Ok in that case that's basically settled I think.

> I'd be delighted if somebody tested just this patch. I'm not really set
> up for performance testing here.
>
> diff --git a/mm/shmem.c b/mm/shmem.c
> index 3b5dc21b323c..112cae9f9e4f 100644
> --- a/mm/shmem.c
> +++ b/mm/shmem.c
> @@ -3427,19 +3427,7 @@ static ssize_t shmem_file_read_iter(struct kiocb *iocb, struct iov_iter *to)
> else
> ret = copy_page_to_iter(page, offset, nr, to);
> folio_put(folio);
> - } else if (user_backed_iter(to)) {
> - /*
> - * Copy to user tends to be so well optimized, but
> - * clear_user() not so much, that it is noticeably
> - * faster to copy the zero page instead of clearing.
> - */
> - ret = copy_page_to_iter(ZERO_PAGE(0), offset, nr, to);
> } else {
> - /*
> - * But submitting the same page twice in a row to
> - * splice() - or others? - can result in confusion:
> - * so don't attempt that optimization on pipes etc.
> - */
> ret = iov_iter_zero(nr, to);
> }
>

I'm not in position to test myself at the moment.
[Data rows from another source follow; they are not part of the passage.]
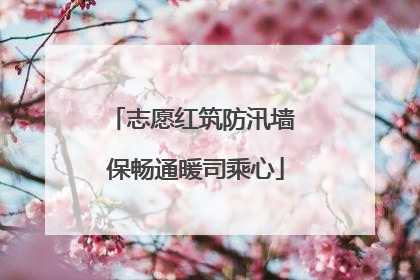 志愿红筑防汛墙 保畅通暖司乘心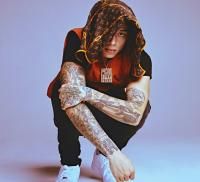 CC FREESTYLE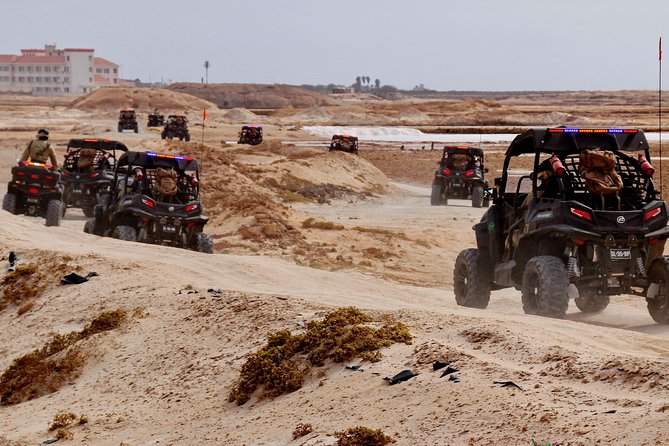 2h SSV Buggy Desert Adventure - 1000cc or 500cc - Ponta Preta, black rock, and winter surf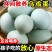 【50枚】新鲜乌鸡蛋绿壳新鲜现捡现发支持一件代发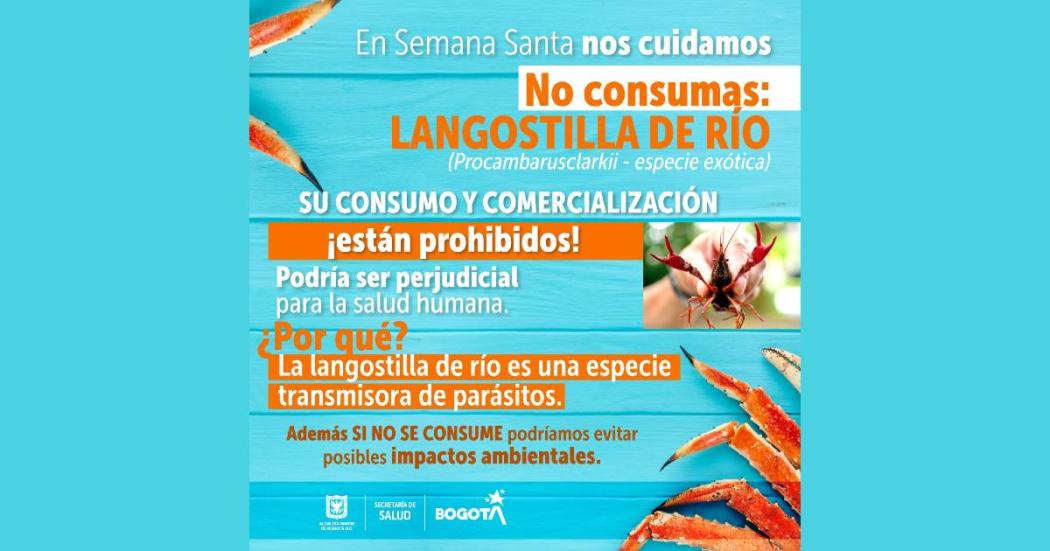 Recomendaciones de salud: consumo de Langostilla de río Semana Santa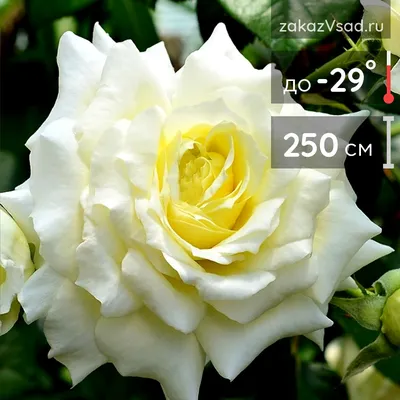 Очаровательные розы эльф: фото в формате jpg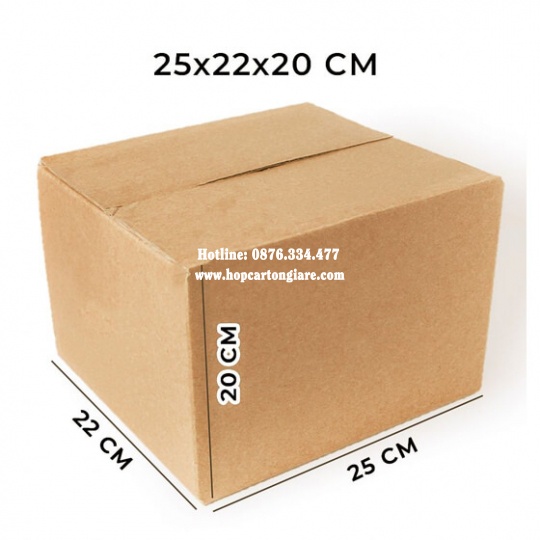 10 hộp carton 25x22x20 cm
But should someone
be interested and try this on amd64, either make sure you have FSRS or
in the worst case apply this hack which forces rep stosb:

diff --git a/arch/x86/include/asm/uaccess_64.h
b/arch/x86/include/asm/uaccess_64.h
index 20de34cc9aa6..552d1b883579 100644
--- a/arch/x86/include/asm/uaccess_64.h
+++ b/arch/x86/include/asm/uaccess_64.h
@@ -189,8 +189,7 @@ static __always_inline __must_check unsigned long
__clear_user(void __user *addr
*/
asm volatile(
"1:\n\t"
- ALTERNATIVE("rep stosb",
- "call rep_stos_alternative",
ALT_NOT(X86_FEATURE_FSRS))
+ "rep stosb\n"
"2:\n"
_ASM_EXTABLE_UA(1b, 2b)
: "+c" (size), "+D" (addr), ASM_CALL_CONSTRAINT

It is always fine to use it from correctness pov. It would cause a
slowdown for any size on old yellers predating Sandy Bridge (that's 14
years now I think?) or for small sizes on CPUs without FSRS. Given
something like 4K I/O that's not a concern.